Dialed in LB....dialed in.  Hey dturner....not following you on the buy it twice thing.  Probably something "ignant" I did  
LJ


----------



## Louie B (Mar 7, 2013)

Lanier Jim said:


> Dialed in LB....dialed in.
> 
> LJ



Your screen shots look awesome too.  That's what happens when you pay attention to detail and get the most out of your unit.  Crisp clean images.  

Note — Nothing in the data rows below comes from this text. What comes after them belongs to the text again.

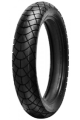 VEE RUBBER VRM359 90/90/18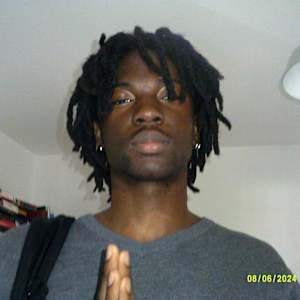 David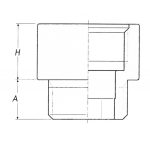 1818764_prolunga-m-f-in-ottone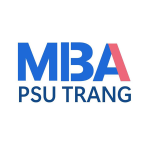 MBA_logo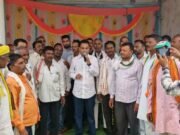 धीरन शा की जीत से विपक्ष मजबूत होगा : नकुलनाथ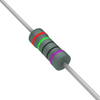 Through Hole Resistors - RNF14BTC250R-ND - DigiKey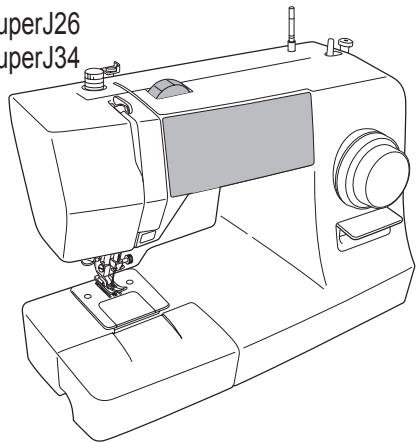 TOYOTA 8000 - Nomenclature - 3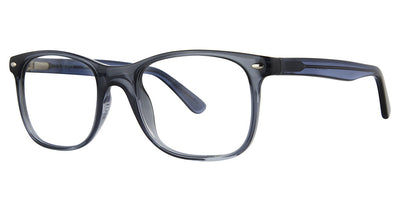 House Collections Lowry Eyeglasses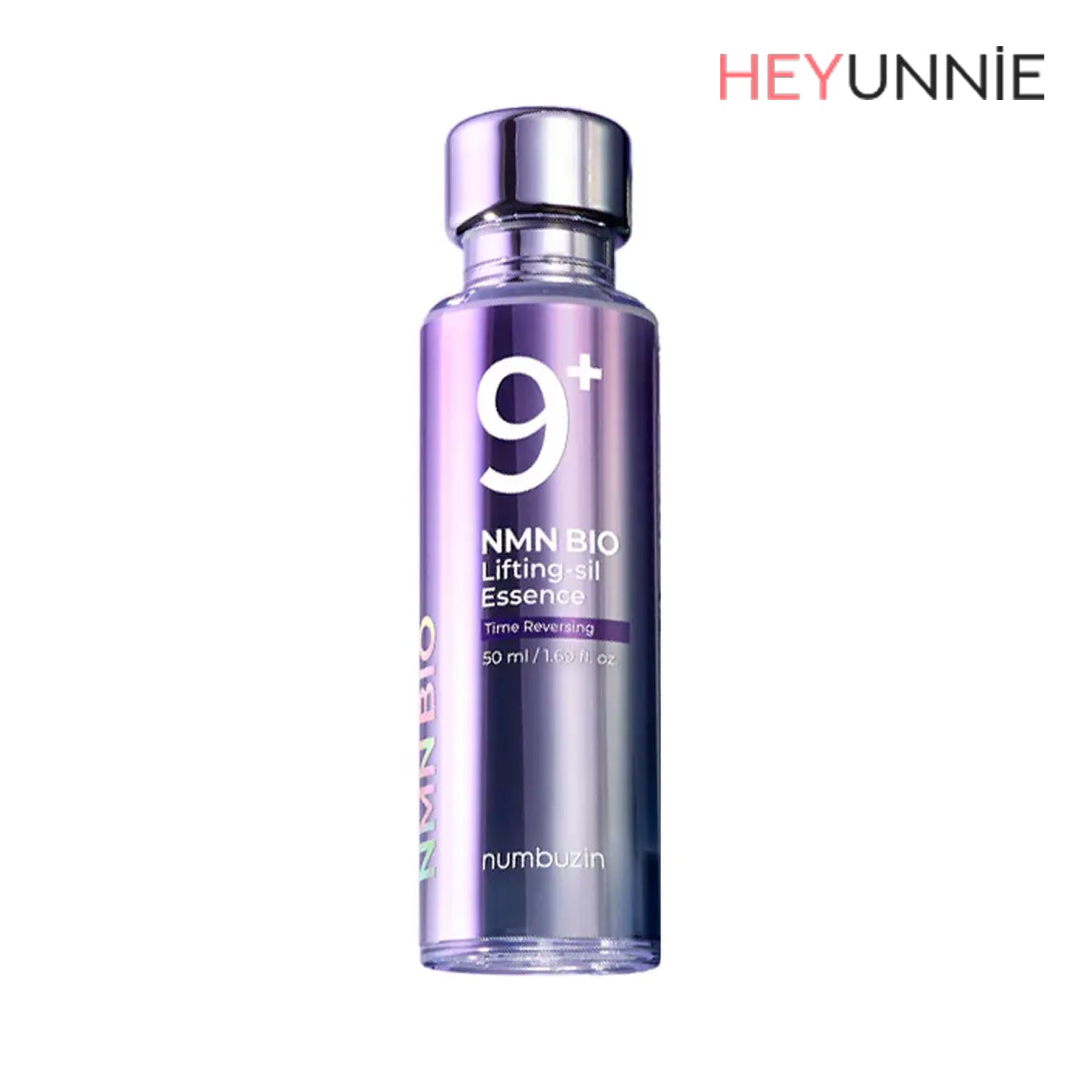 Numbuzin No.9 Nad Bio Lifting Essence 50ml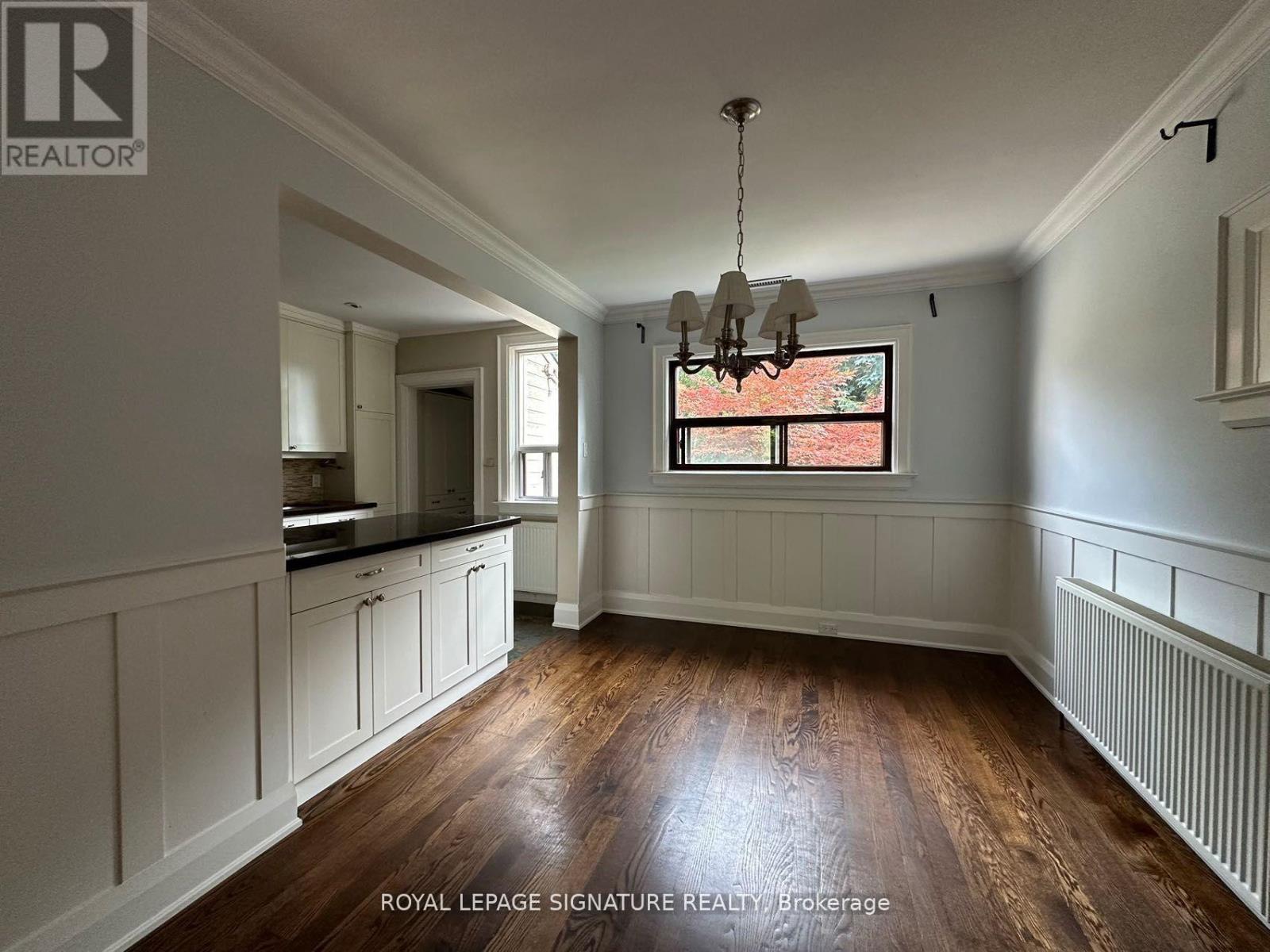 241 Deloraine Avenue, Toronto, Ontario  M5M 2B2 - Photo 11 - C12718966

Scott Barnes shots look great and very clean too.  I love a good sonar picture.

LB


----------



## Troutman3000 (Mar 7, 2013)

I think the scrren shots from both are very similiar.  Ford verses Chevy for sure.


----------



## badbull (Mar 7, 2013)

I just purchased a HB 998, cant wait to get it running!


----------



## Lanier Jim (Mar 7, 2013)

Scott's are Humminbirds.   I saw him switching the face plates before one of the Hammond's tourneys  

LJ


----------



## Lanier Jim (Mar 7, 2013)

Hey LB...is that a trick with the foil on your cables? Looks like some foil on the cables of the 997's.   Helps with interference or just to look cool?  

LJ


----------



## TroyBoy30 (Mar 7, 2013)

i dont have anything with fish like those guys.  i did catch all those fish in #7 and #9 though


----------



## Lanier Jim (Mar 8, 2013)

Hey Troy - do you not like palette 1?


----------



## TroyBoy30 (Mar 8, 2013)

all those screen shots are from like the 2nd day I used my first 1198.  check the date on em....8/5/12

Louie has me trying palette 1 now but its different


----------



## StriperrHunterr (Mar 8, 2013)

Lanier Jim said:


> Hey LB...is that a trick with the foil on your cables? Looks like some foil on the cables of the 997's.   Helps with interference or just to look cool?
> 
> LJ



I'm _guessing_ here but that looks like one of the NMEA networked units and he was picking up interference over the length of the run between the two units.


----------



## Louie B (Mar 8, 2013)

Lanier Jim said:


> Hey LB...is that a trick with the foil on your cables? Looks like some foil on the cables of the 997's.   Helps with interference or just to look cool?
> 
> LJ



It's so the GOVERNMENT can't get inside my graph and screw it up


----------



## turkeyhunter835 (Mar 8, 2013)

Man..... I wish I could get my graphs that clear


----------



## Lanier Jim (Mar 8, 2013)

LoL..."Gubment" messing with your sonar     Pretty good.  

LJ


----------